The tension between the Jane-Finch community and the police force has existed for many decades. The population in the area is predominantly immigrant newcomers to Canada. Accusations of police brutality, abuse of power and unfairness are typical complaints voiced by the residents. I created a short one hour film called ‘Know Your Rights’. My goal was to create a hip and accessible film for at-risk youth to be better informed when dealing with police encounters. Kids could download the video for free and watch in on their iPod on their way to school.

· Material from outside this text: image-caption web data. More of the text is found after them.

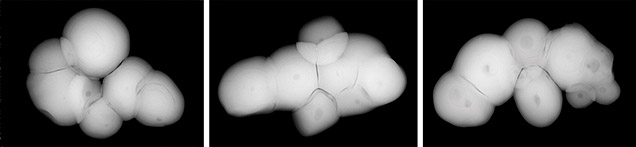 Microradiograph images of pearl Microradiograph images of pearl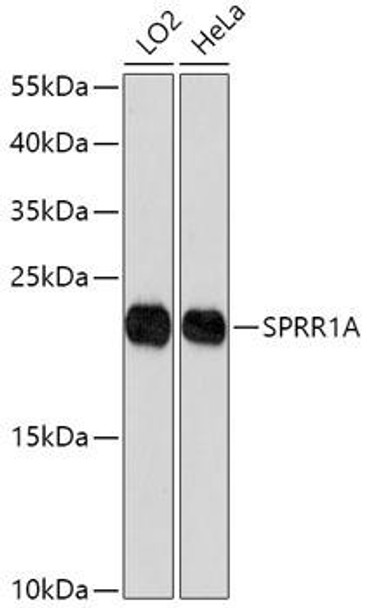 Cell Biology Antibodies 13 Anti-SPRR1A Antibody CAB17535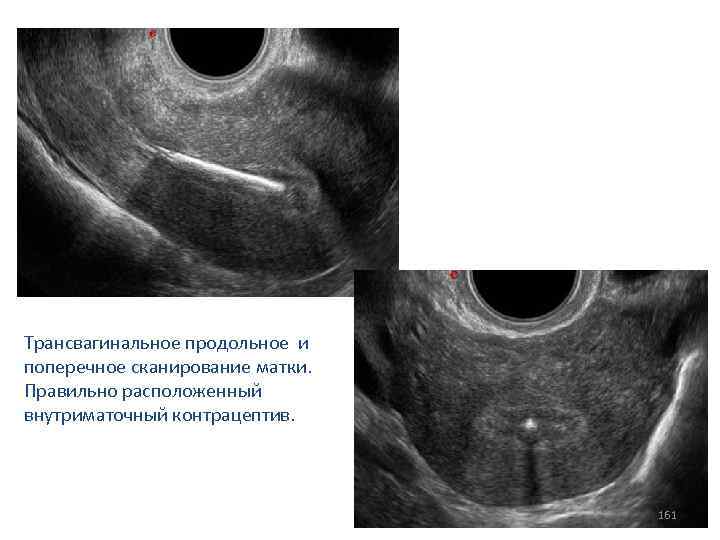 Трансвагинальное продольное и поперечное сканирование матки. Правильно расположенный внутриматочный контрацептив. 161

What is your favourite example of PLE?
I was actually inspired by BUSTED: The Citizen's Guide to Surviving Police Encounters. My childhood friend, who is black, was frequently stopped by police. I wanted to find out more information about the rights the public had. Since the Jane-Finch neighborhood has a majority ethnic population, I wanted to create a film in that context. It was a great experience to showcase my neighborhood’s unique stories and settings in a professional high definition production. We held a screening at the local library and the most validating moment came when the 2nd in Charge Inspector of the local Toronto Police division showed up and congratulated us on the production. Even though the film critically examined the police on various controversial issues, it demonstrated that the police department understood and appreciated the goal of the film.

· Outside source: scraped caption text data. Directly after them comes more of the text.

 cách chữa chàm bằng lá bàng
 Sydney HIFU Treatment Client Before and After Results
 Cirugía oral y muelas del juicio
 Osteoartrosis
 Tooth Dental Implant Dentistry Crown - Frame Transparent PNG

Why do you think PLE works?
Public legal education works because everyone can connect with each other online. We can share experiences, information and tips in a global forum. From local matters to precedent setting cases, public legal education is crucial to informing the public about the legal rights they have or can challenge. Most recently, in Toronto, we had to deal with the G20 summit. Police had expanded powers, and there were allegations of abuse and wrongful detainment. With PLE, public confidence and awareness is crucial towards living in a healthy society.
What is the biggest challenge your organization faces doing PLE?
PLE is a growing, but important component of Jane-Finch.com. Although our mandate is to educate the public at large about the wonderful history and progress of the Jane-Finch area, we cannot neglect the problems the community has faced. The biggest challenge for us is overcoming the racial barriers and stigmas associated with being from the area. For us to build partnerships and to collaborate on future projects, breaking down the negative reputation is the key.
What is your top tip for doing good PLE work?
Be passionate, but not mad, about the issue you are trying to address or rectify. Organize a group of like-minded individuals and the truth will lead the way.